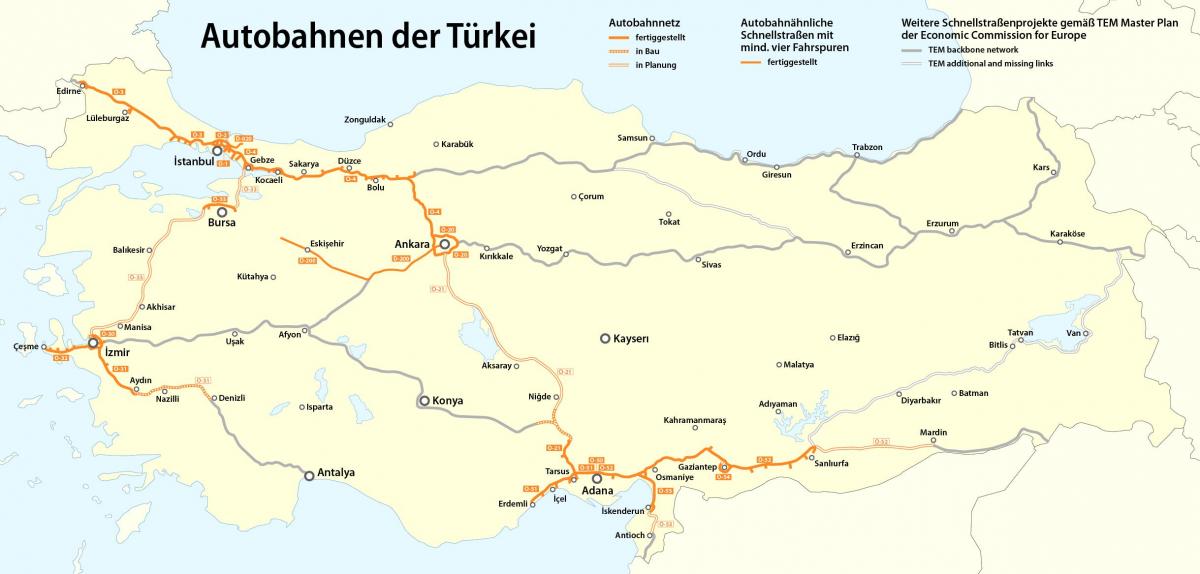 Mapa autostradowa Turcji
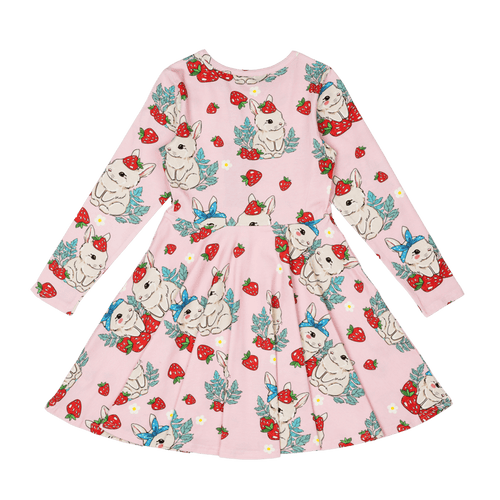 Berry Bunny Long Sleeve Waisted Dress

********************

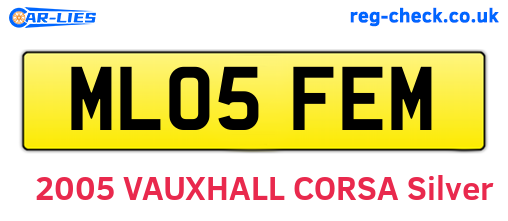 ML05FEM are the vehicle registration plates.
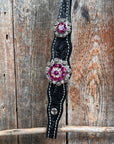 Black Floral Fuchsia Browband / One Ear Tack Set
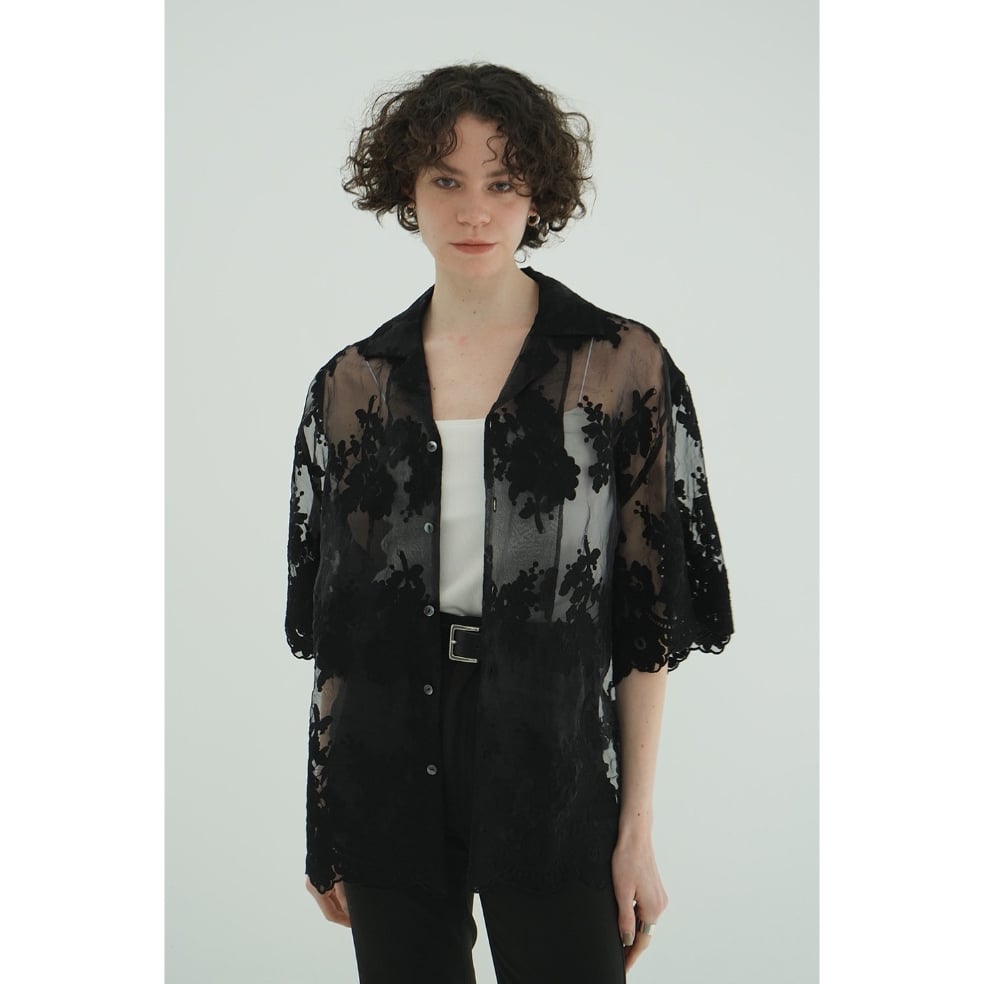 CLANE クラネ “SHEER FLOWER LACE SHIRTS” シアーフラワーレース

********************

**WORK TO BE COMPLETED**
Reproduce exactly, with no pictures, the lines above from the one holding "Mapa autostradowa Turcji" to the one holding "Berry Bunny Long Sleeve Waisted Dress", inclusive.

**ANSWER SECTION**
 Mapa autostradowa Turcji
 Berry Bunny Long Sleeve Waisted Dress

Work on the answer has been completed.